Calahasen lands job with Northland
Education has always been one of her many passions, so it should come as a surprise to no one that Pearl Calahasen is now working for Northland School Division.
“Northland School Division No. 61 is pleased to announce the appointment of Pearl Calahasen as First Nations, Metis and Inuit Pedagogical Supervisor,” reads a Sept. 8 news release from NSD.
Calahasen returns to Northland after serving 26 years as Member of the Legislative Assembly for the Lesser Slave Lake constituency.
“When the position became available, I thought this role was up my alley,” says Calahasen. “I always wanted to be involved in the Indigenous languages and ensure that students and communities can revive their language. Without language you can’t deal with culture and you really don’t know who you are.”
Calahasen’s education journey began at the Alberta Vocational College in Grouard where she taught for three years. During that time, she earned a Bachelor of Education degree at the University of Alberta.
In 1981, she was hired by NSD as the Associate Director of Curriculum and Instruction. Her responsibilities included curricular weaving of Indigenous language and culture into school programs.

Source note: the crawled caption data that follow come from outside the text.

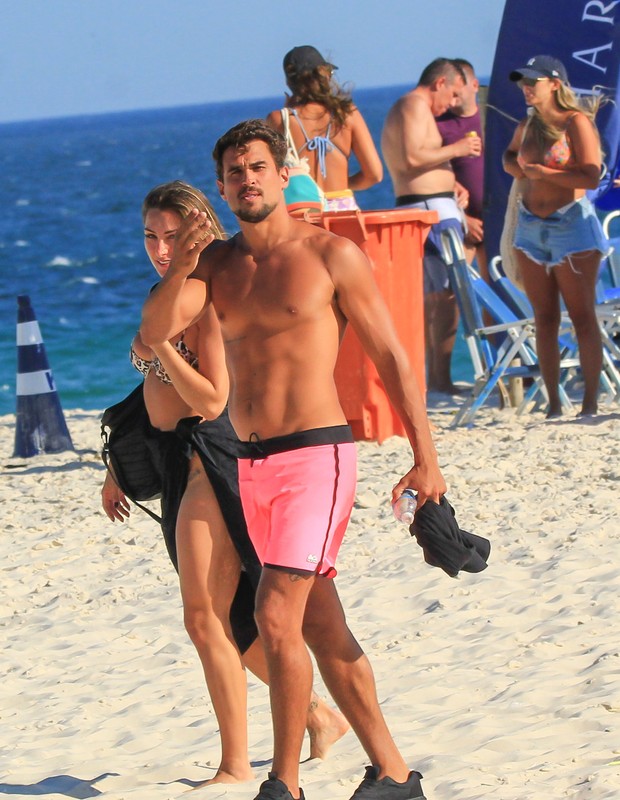 Felipe Roque curte praia com Sofia Starling, ex-namorada de André Marques (Foto: Fabricio Pioyani/AgNews)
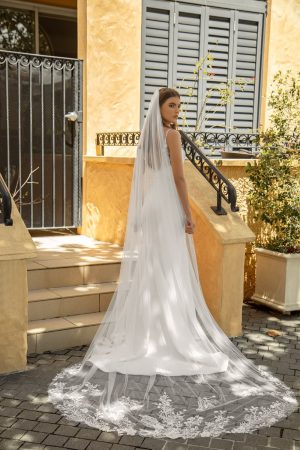 Madi Lane Veil - Harper
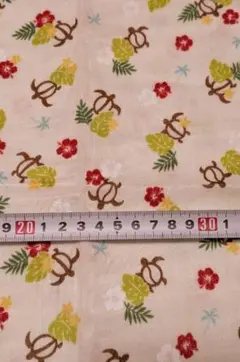 ●ホヌ●ハイビスカス●Ｗガーゼ●ラメ●クリーム系●５５ｃｍ●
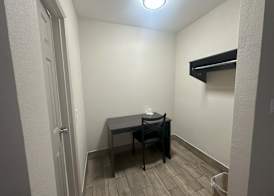 Econo Lodge St. Petersburg Central 3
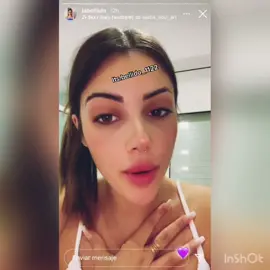 Las amistades se apoyan SIEMPRE,y es lo que Lucia hizo por Angela.Y la defendió sabiendo el hate que le podía caer y aún así defendió a su amiga.🥺😍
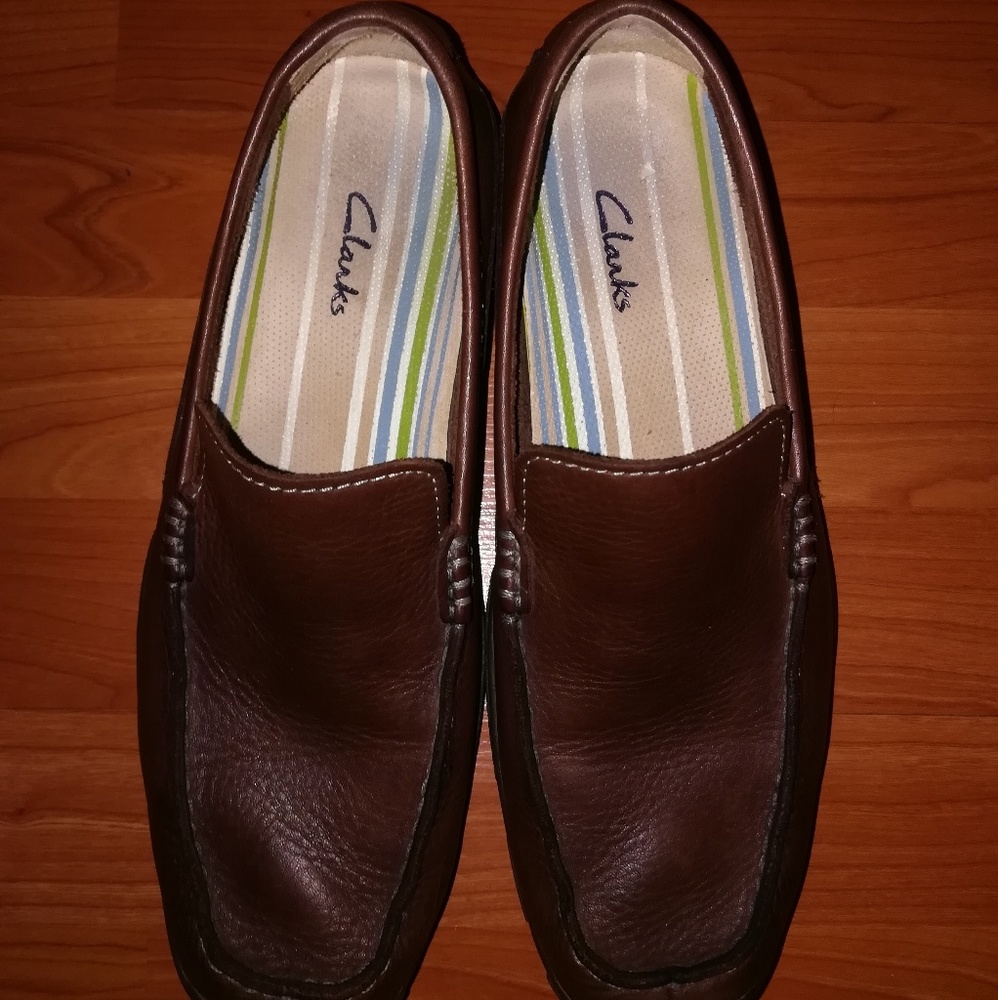 Clark's leather loafers. Excellent condition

In 1983, Calahasen was seconded to the Ministry of Education and joined the Native Education Project team. The team was instrumental in developing Cree language curriculum and resources.
Calahasen says she is excited to see how far NSD has come since that work and is looking forward to crafting a plan to improve supports for students and educators.
“In this role, we will develop a plan to ensure educators are confident with teaching Indigenous languages and infusing language and culture into the curriculum,” says Calahasen. “Using Indigenous language is always a great tool for us to get kids interested in who they are.”
Throughout her political career, Calahasen continued to advocate for NSD and Indigenous education. In 2011, she was selected to be the co-chair of the Northland Community Engagement Team. The team developed Kids First, the report by NCET; which includes a vision for Indigenous Education Excellence and a Community Engagement Frame- work.
“Being involved with NCET deepened my understanding of what needs to be done to help . . . ,” says Calahasen.